If a line below falls between the line with "Pižmo od Frederick Edward Hulme" and the line with "DSC_0276.jpg", or is one of those two, output it exactly; output nothing else and no pictures.

┌─ RECORDS TO PROCESS

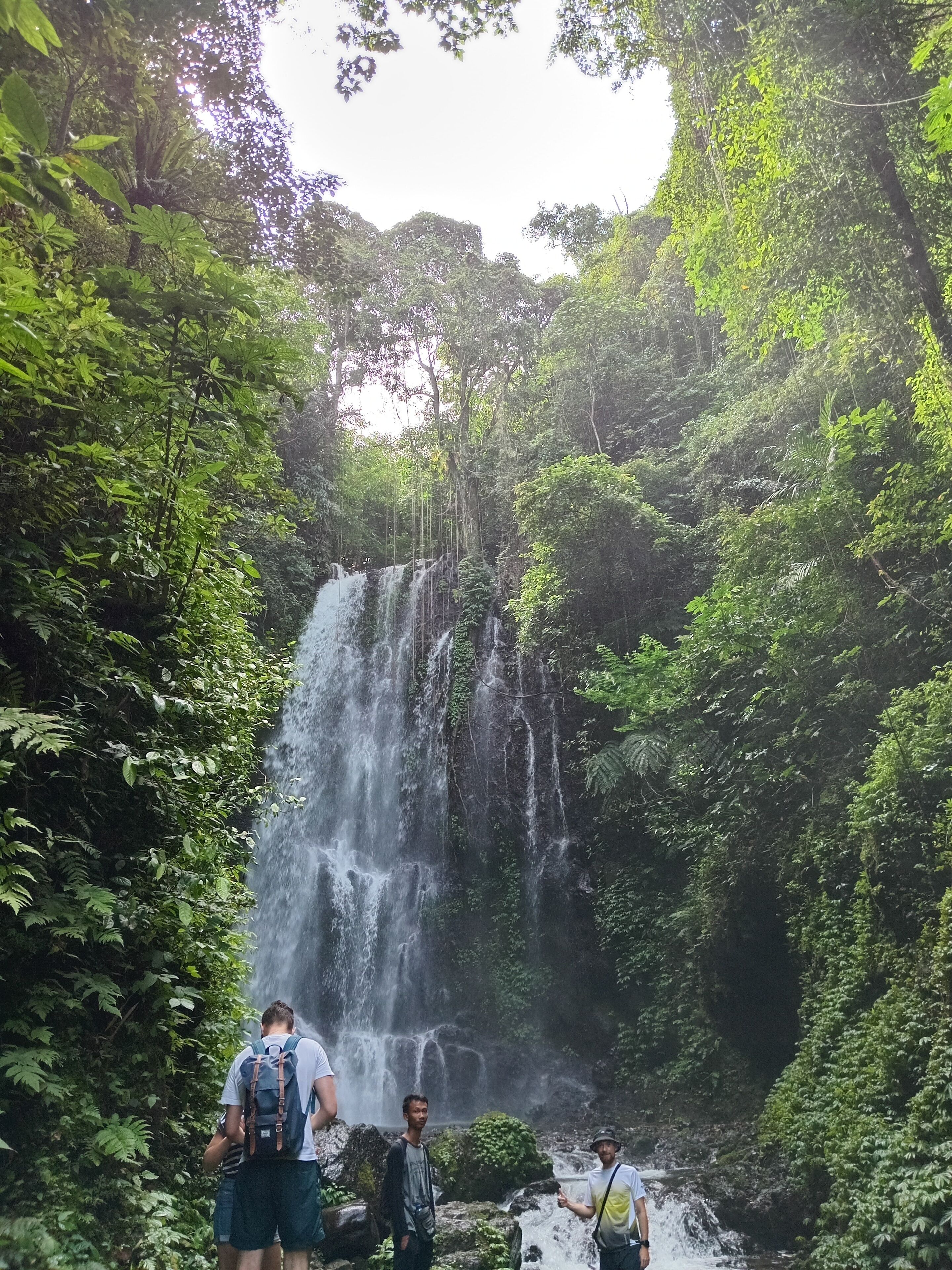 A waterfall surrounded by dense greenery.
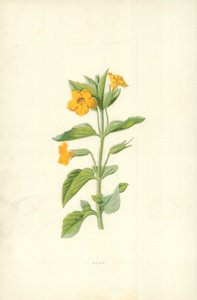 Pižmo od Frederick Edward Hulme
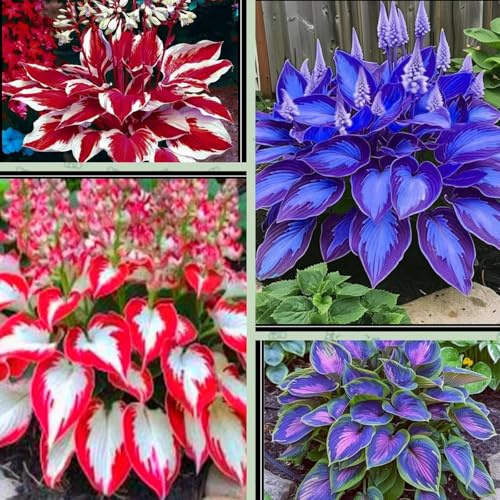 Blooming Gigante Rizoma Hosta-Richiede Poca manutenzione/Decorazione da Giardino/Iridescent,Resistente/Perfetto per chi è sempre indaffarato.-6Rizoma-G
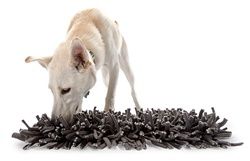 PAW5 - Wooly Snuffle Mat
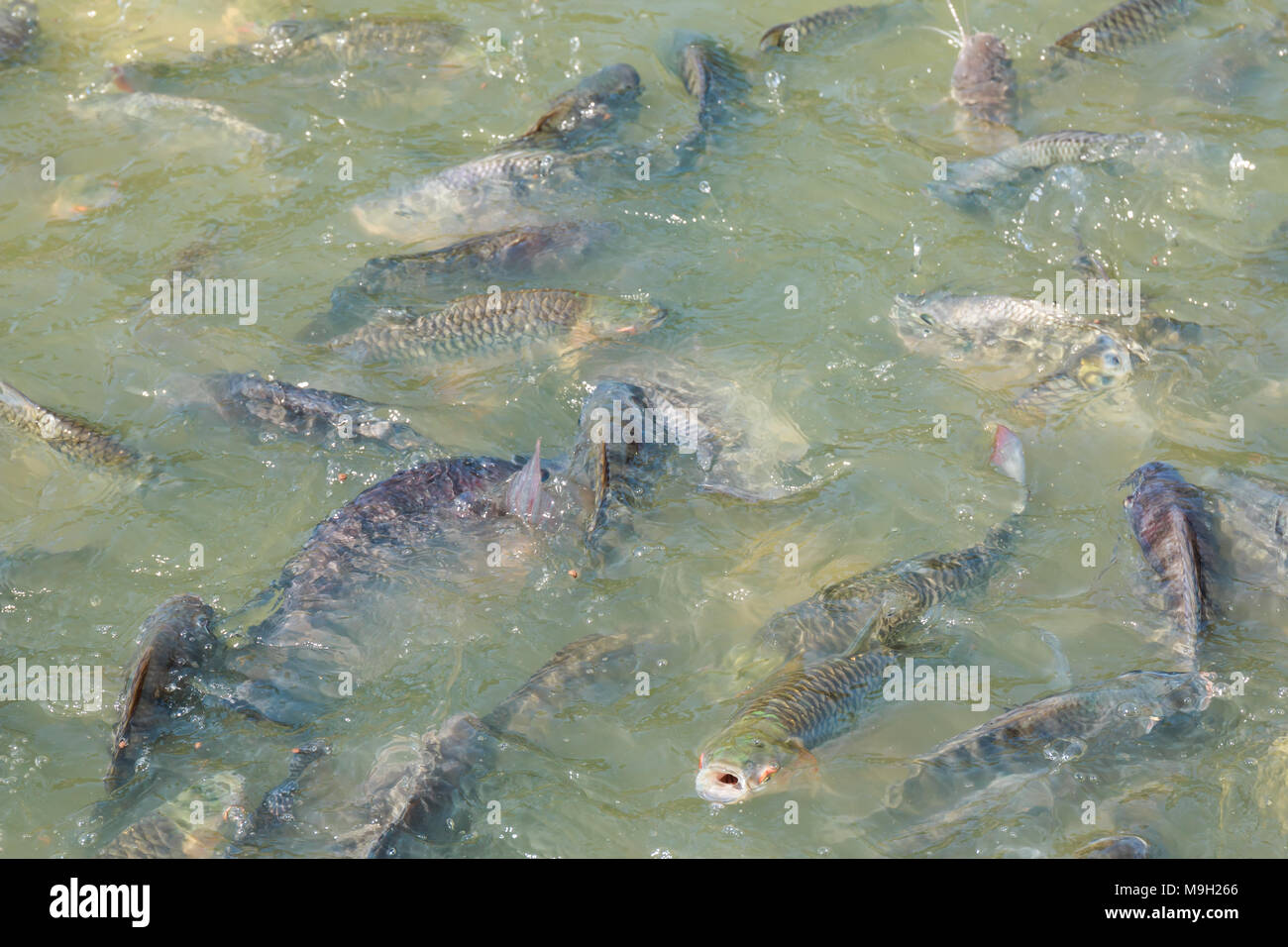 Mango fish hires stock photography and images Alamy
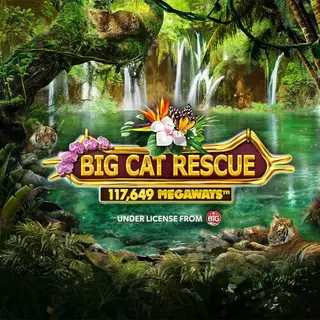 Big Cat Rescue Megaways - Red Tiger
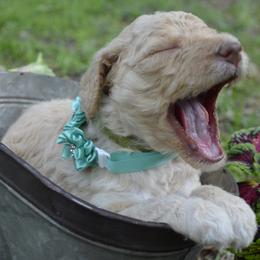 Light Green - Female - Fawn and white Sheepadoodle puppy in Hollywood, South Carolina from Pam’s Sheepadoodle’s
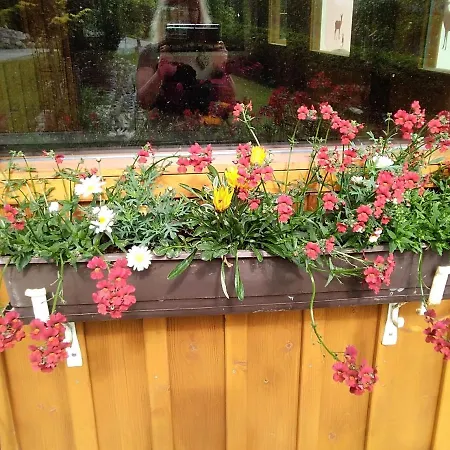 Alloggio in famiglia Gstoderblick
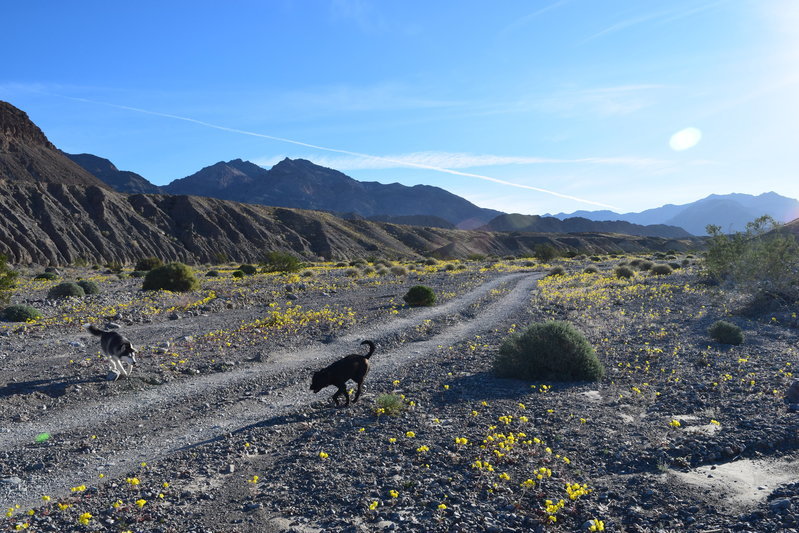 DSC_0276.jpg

└─
┌─ RECORDS TO PROCESS

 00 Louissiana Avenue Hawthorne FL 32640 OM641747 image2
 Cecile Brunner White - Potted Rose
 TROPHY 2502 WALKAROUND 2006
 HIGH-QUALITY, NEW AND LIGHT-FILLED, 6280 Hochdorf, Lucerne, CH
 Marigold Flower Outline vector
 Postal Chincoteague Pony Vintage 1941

└─
┌─ RECORDS TO PROCESS

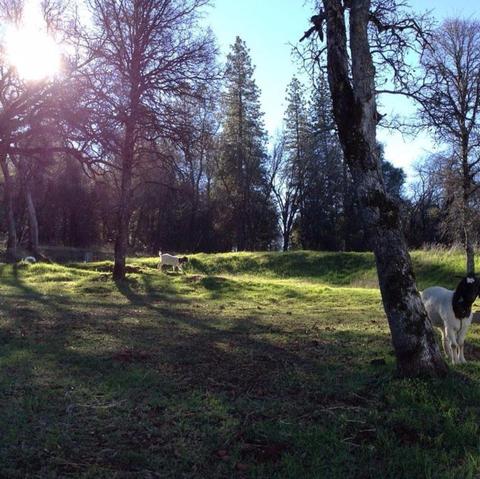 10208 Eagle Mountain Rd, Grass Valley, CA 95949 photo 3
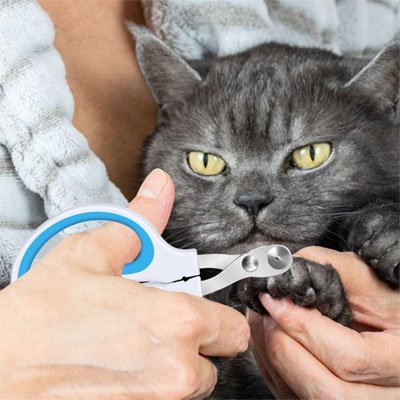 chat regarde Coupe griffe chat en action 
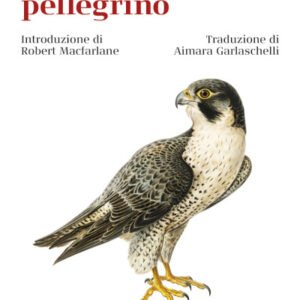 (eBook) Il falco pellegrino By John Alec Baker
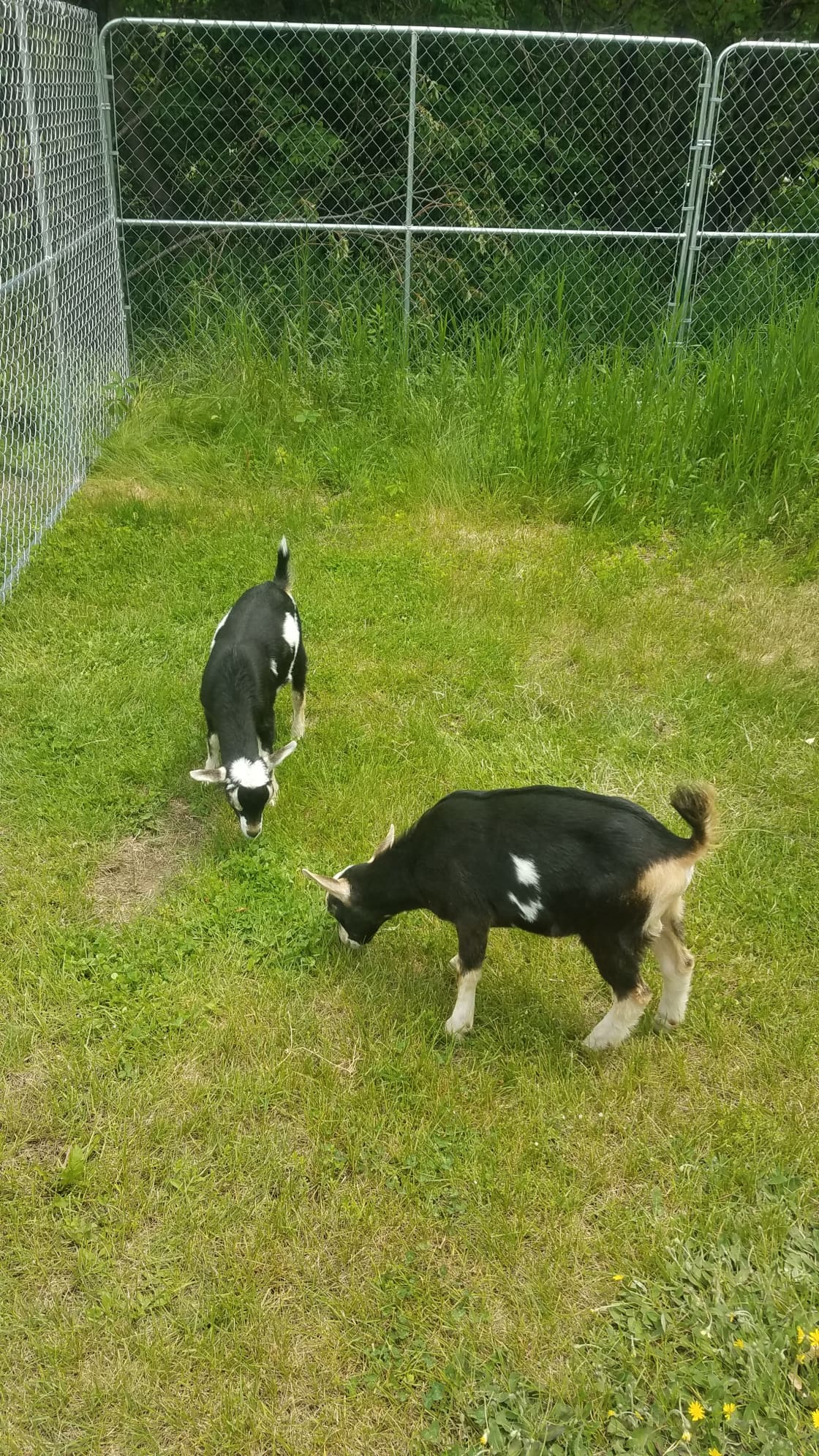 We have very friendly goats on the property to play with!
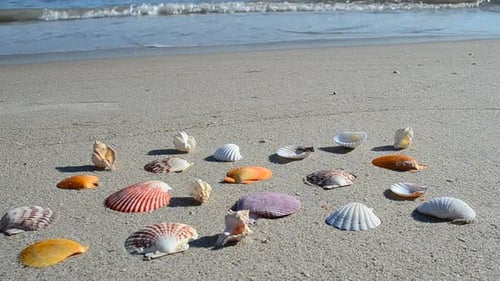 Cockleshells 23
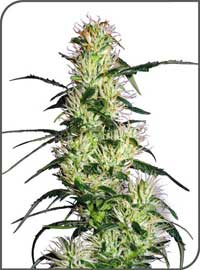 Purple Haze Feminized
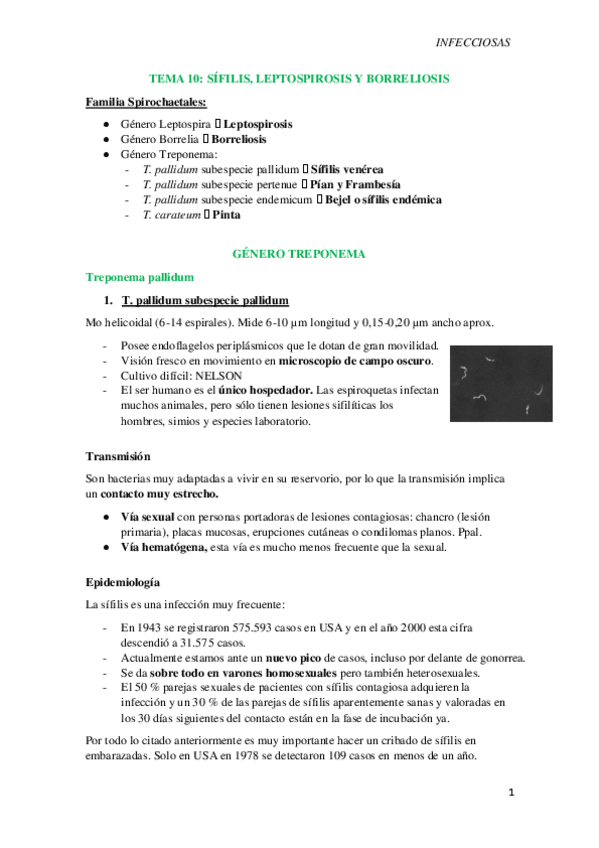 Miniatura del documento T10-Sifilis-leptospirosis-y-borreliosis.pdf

└─

_REPLY TO THE TASK_
 Pižmo od Frederick Edward Hulme
 Blooming Gigante Rizoma Hosta-Richiede Poca manutenzione/Decorazione da Giardino/Iridescent,Resistente/Perfetto per chi è sempre indaffarato.-6Rizoma-G
 PAW5 - Wooly Snuffle Mat
 Mango fish hires stock photography and images Alamy
 Big Cat Rescue Megaways - Red Tiger
 Light Green - Female - Fawn and white Sheepadoodle puppy in Hollywood, South Carolina from Pam’s Sheepadoodle’s
 Alloggio in famiglia Gstoderblick
 DSC_0276.jpg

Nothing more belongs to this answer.